━━ DATASET EXCERPTS ━━

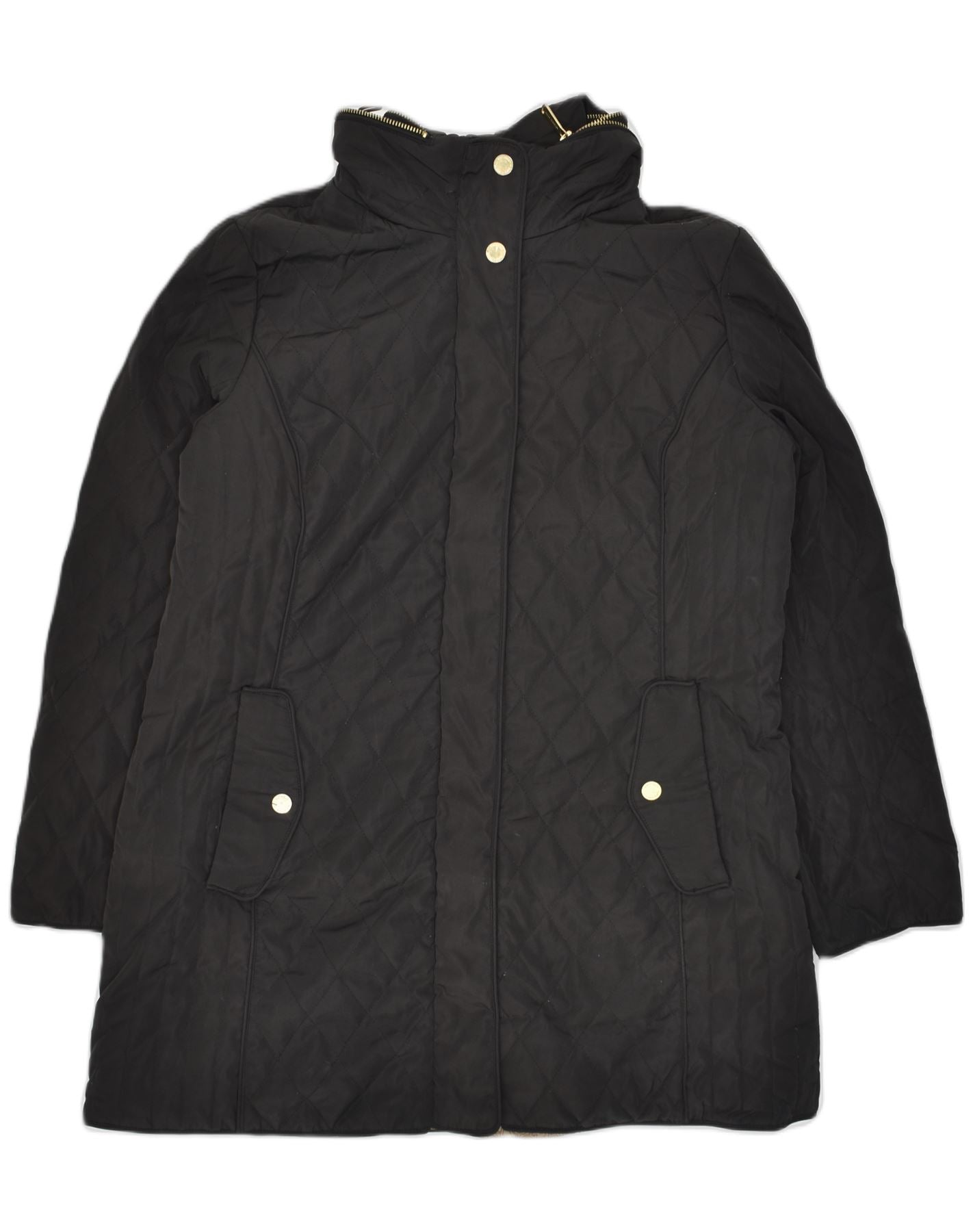 Mk top quilted jacket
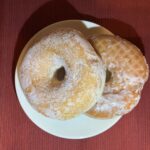 ミスドのリニューアルしたエンゼルクリームが美味しい 主婦めせん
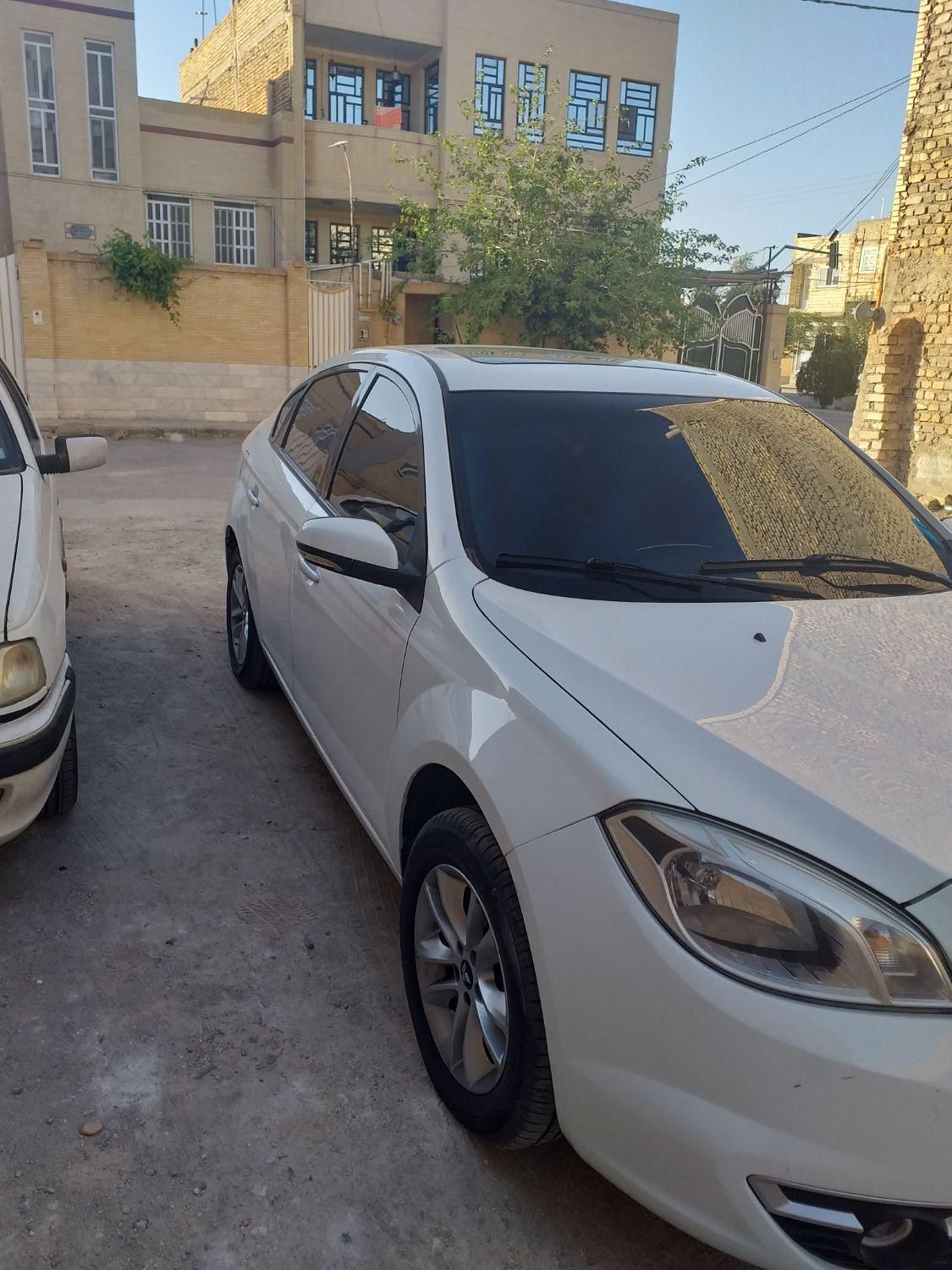 برلیانس H330 اتوماتیک 1650 - 2018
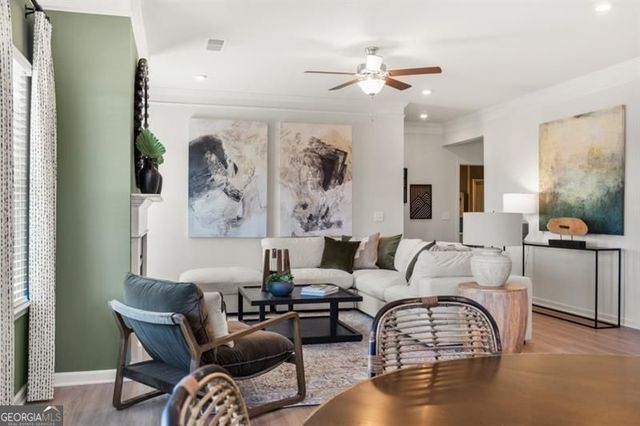 703 Magnolia Hill Road, Cartersville, GA 30120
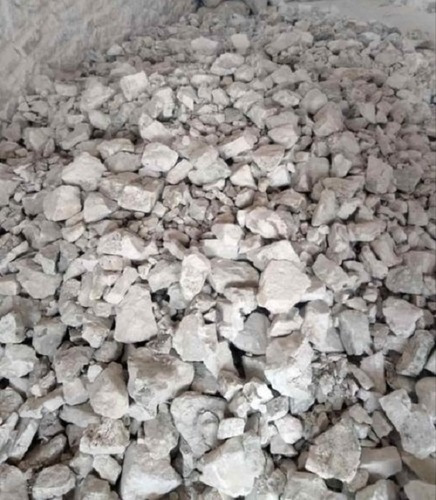 सॉलिड रिसाइकिलिंग रस्ट प्रूफ कंस्ट्रक्शन लाइमस्टोन लंप्स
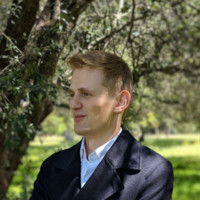 Midjourney Employee Ivan Vendrov's profile photo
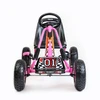 Baby Mix Razor rožinis pedalinis kartingas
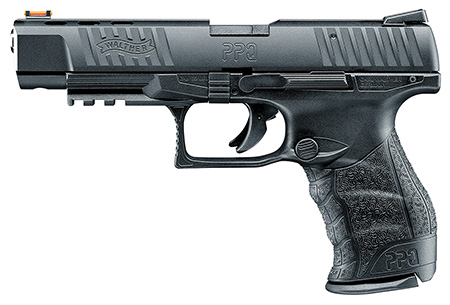 PPQ M2 22lr 5" Blk FOS 12rd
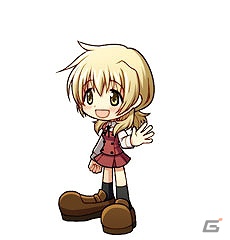 Mobage「狩りとも」×「ひだまりスケッチ×ハニカム」コラボレーション開始！初回無料の「ひだまりスケッチ×ハニカムガチャ」が登場の画像2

━━━

**WHAT YOU WILL DO:**
Retype, exactly as written, each line from the one containing "Midjourney Employee Ivan" through the end of the data above, and leave out every picture.

**WRITTEN RESPONSE:**
 Midjourney Employee Ivan Vendrov's profile photo
 Baby Mix Razor rožinis pedalinis kartingas
 PPQ M2 22lr 5" Blk FOS 12rd
 Mobage「狩りとも」×「ひだまりスケッチ×ハニカム」コラボレーション開始！初回無料の「ひだまりスケッチ×ハニカムガチャ」が登場の画像2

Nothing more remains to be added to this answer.